The jury not only disagreed with DiMasi’s defense. It also rejected the assertion by DiMasi, as told by the prosecution’s star witness Joseph Lally, “If one of us breaks, we all fall.”
DiMasi supposedly delivered that line to friend and accountant Richard Vitale when Vitale considered returning his $500,000 take from Cognos. Vitale was acquitted of all charges.
After weeks of publicly feigning a passing interest or knowledge of what was transpiring in Courtroom 10 of the Moakley Courthouse, DiMasi’s former colleagues seemed equally shocked and unprepared to respond. While some described the episode as “sad” or “disappointing,” the very idea that the DiMasi trial painted a revealing portrait of life under the dome seemed unfathomable to those that reside here.
“Quite frankly, every time I read that, a chill came over my body, because that's not business as usual on Beacon Hill,” House Speaker Robert DeLeo told the press.
This is the same House, after all, that passed ethics and lobbying reform long before the verdict came down, Democrats said, referencing laws spurred by the bribery case of former Sen.
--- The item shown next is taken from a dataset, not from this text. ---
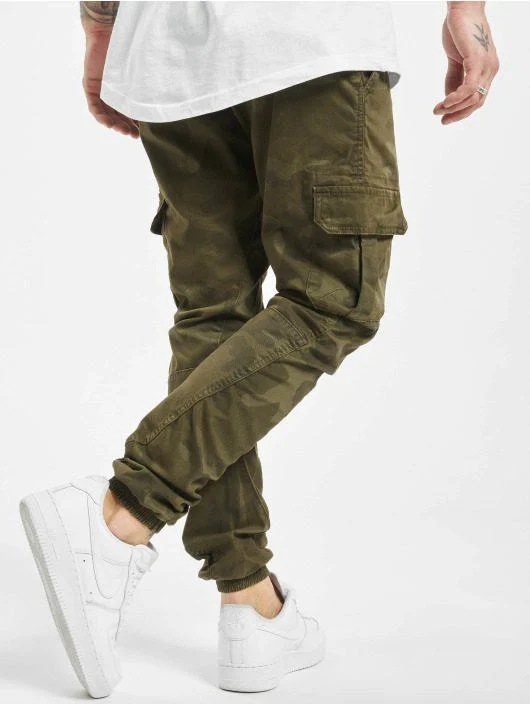urban-classics-cargohose-olive-305897__1 URBAN CLASSICS CAMO CARGO JOGGING PANTS ΤΒ1611 OLIVE CAMO - UrbanClassics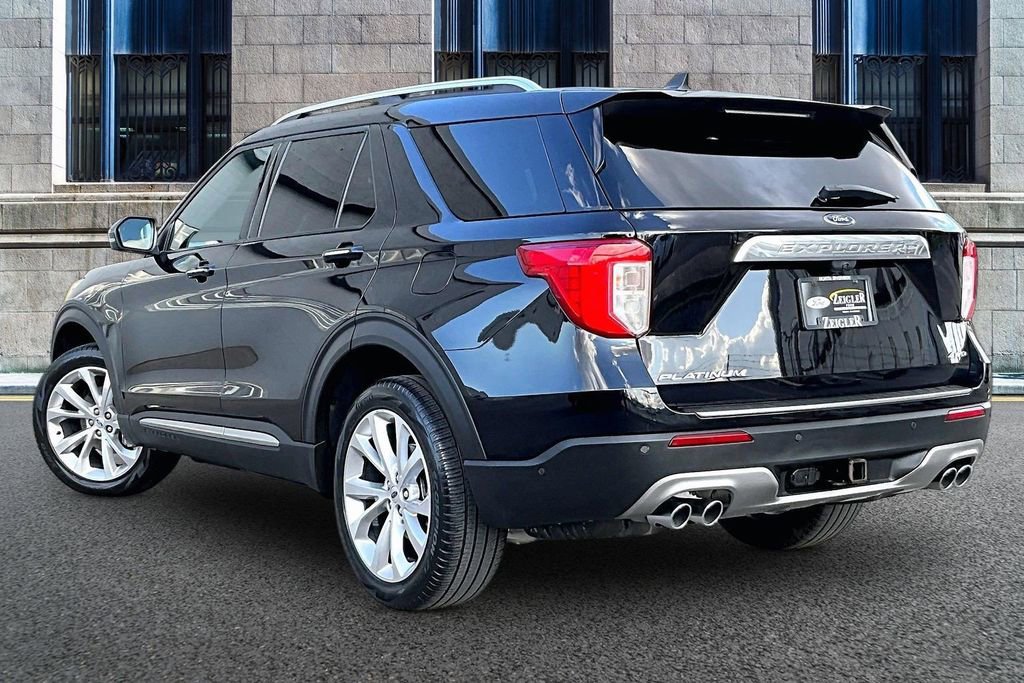 Used 2022 Ford Explorer Platinum w/ Equipment Group 601A image 10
Dianne Wilkerson.
Having endeared himself to so many of the members of the House of Representatives, many couldn’t even bring themselves to acknowledge outright that DiMasi might, in fact, be guilty. “It’s the jury who said that, not me,” insisted Rep. Frank Smizik, who added that he’s “never seen a better speaker.”
And so the public was left to decide who they trusted more: the politicians they elected, or the Obama-appointed U.S. Attorney Carmen Ortiz who described DiMasi’s conviction as a victory against the “culture of corruption on Beacon Hill.”
Hours after the verdict, the boys in black and gold momentarily distracted from the conviction by clinching their first Stanley Cup in 39 years a continent away on Canadian soil, bringing joy to the legions of long-suffering, often closeted Bruins fans in a city obsessed with baseball, Tom Brady and a Celtic revival.
And, perhaps, no one was happier with the timing of both events than freshman Democrat Rep. Mark Cusack, whose own unexplained scandal involving late-night antics in the House chamber had taken on a life of its own.
Cusack, 26, refused for days to offer any sort of explanation for what he was doing for “three to four minutes,” according to the Speaker’s office, with a female Republican staffer alone in the House chamber post-budget debate while a party carried on into the wee hours of the morning in the Speaker’s office.
And by the time he finally returned to the State House for a formal session and class portrait on Wednesday, few had the time or inclination to press him for answers.
But after fueling the story with acknowledgment of an internal review, DeLeo issued a detail-poor report on the findings of House counsel exonerating Cusack of inappropriate behavior, and instructing his staff that his private door to the Chamber should be off-limits after hours.
Unfortunately, the curious may never find out what transpired that night in the House chamber, or in the Speaker’s office where the beer was flowing after the bars had closed, even though DeLeo has long retired home to Winthrop.
The week on Beacon Hill, however, was not all about extinguishing fires. Some actual business got done.
As a conference committee continued working to finalize details of the state’s fiscal 2012 budget, President Barack Obama signed a disaster declaration for the western Massachusetts communities ravaged by tornadoes earlier this month, and the House and Senate passed a $54 million budget bill, including $15 million in tornado relief funding.
The state’s unemployment rate also dipped to 7.6 percent, despite a loss of 4,000 jobs in May.
LESSON OF THE WEEK: From Rep. Michael Moran: "It's a reminder to all of us that the actions we take in this building as elected officials, we have to answer for.”
This program aired on June 17, 2011. The audio for this program is not available.